- Task data:
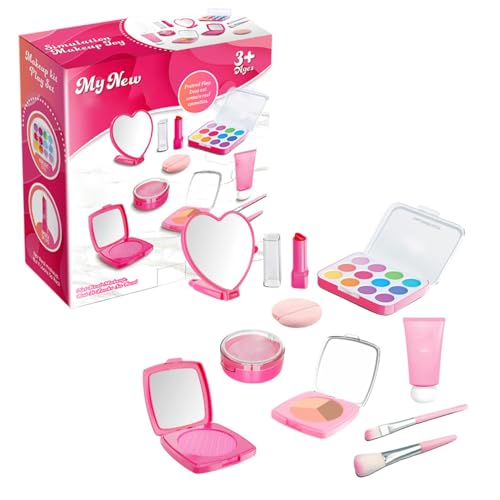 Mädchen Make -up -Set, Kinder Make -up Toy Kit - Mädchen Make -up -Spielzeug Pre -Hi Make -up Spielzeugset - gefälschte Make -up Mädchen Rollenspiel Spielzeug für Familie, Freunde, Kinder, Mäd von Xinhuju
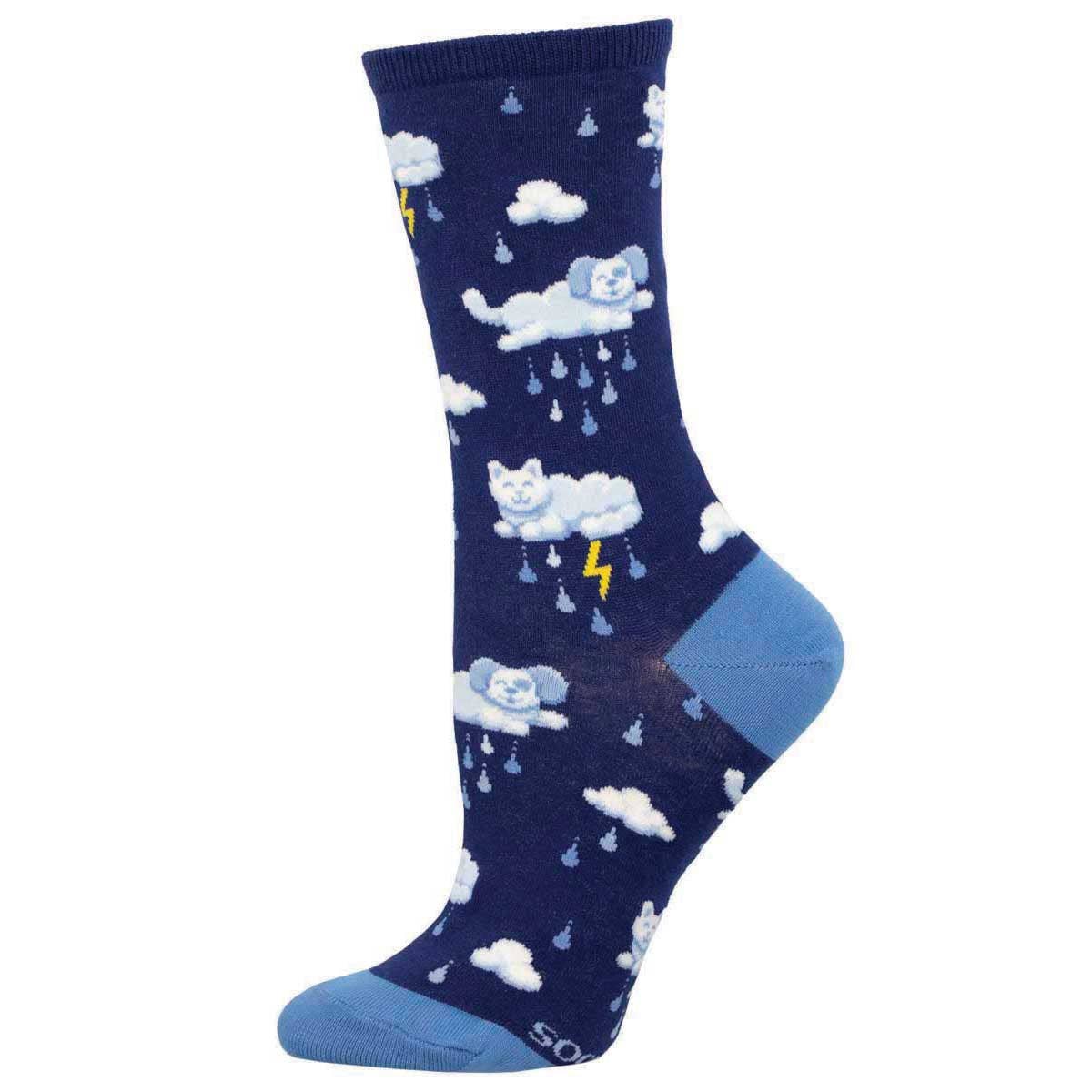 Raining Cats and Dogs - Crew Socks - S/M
==
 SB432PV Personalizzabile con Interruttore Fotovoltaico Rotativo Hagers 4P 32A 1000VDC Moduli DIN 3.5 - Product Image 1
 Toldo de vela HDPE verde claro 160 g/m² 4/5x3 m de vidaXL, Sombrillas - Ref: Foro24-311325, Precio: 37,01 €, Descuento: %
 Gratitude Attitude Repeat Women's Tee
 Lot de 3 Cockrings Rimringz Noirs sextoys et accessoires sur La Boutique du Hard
...
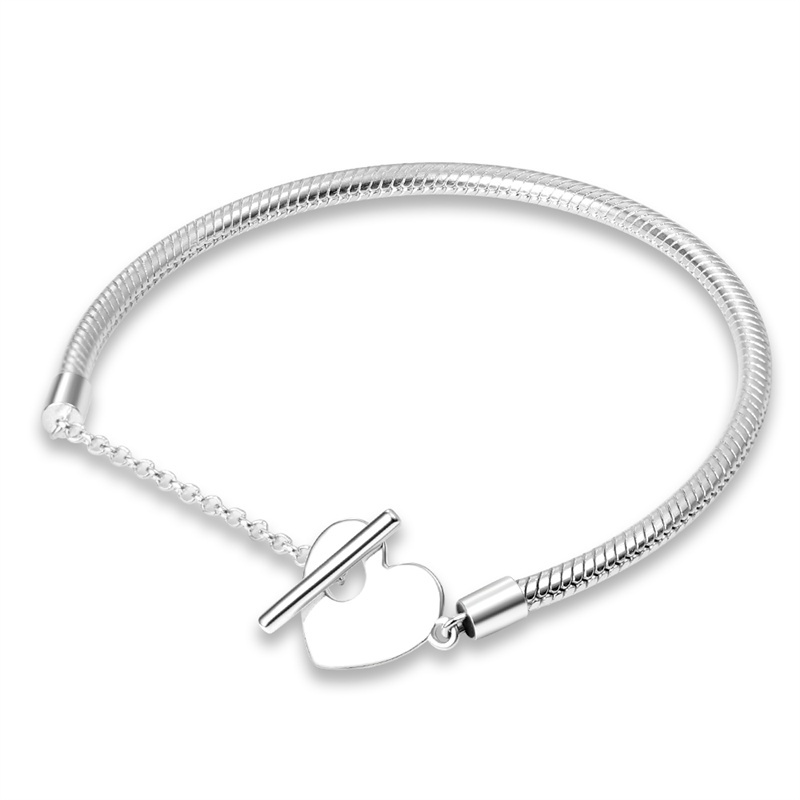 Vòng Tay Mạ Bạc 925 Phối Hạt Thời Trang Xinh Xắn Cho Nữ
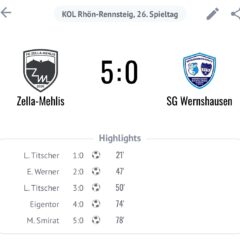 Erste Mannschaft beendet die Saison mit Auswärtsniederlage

- Brief: Take from the material above the lines running from the one with "Toldo de vela" through the one with "Lot de 3 Cockrings", and repeat them exactly, with nothing else.

- Your response:
 Toldo de vela HDPE verde claro 160 g/m² 4/5x3 m de vidaXL, Sombrillas - Ref: Foro24-311325, Precio: 37,01 €, Descuento: %
 Gratitude Attitude Repeat Women's Tee
 Lot de 3 Cockrings Rimringz Noirs sextoys et accessoires sur La Boutique du Hard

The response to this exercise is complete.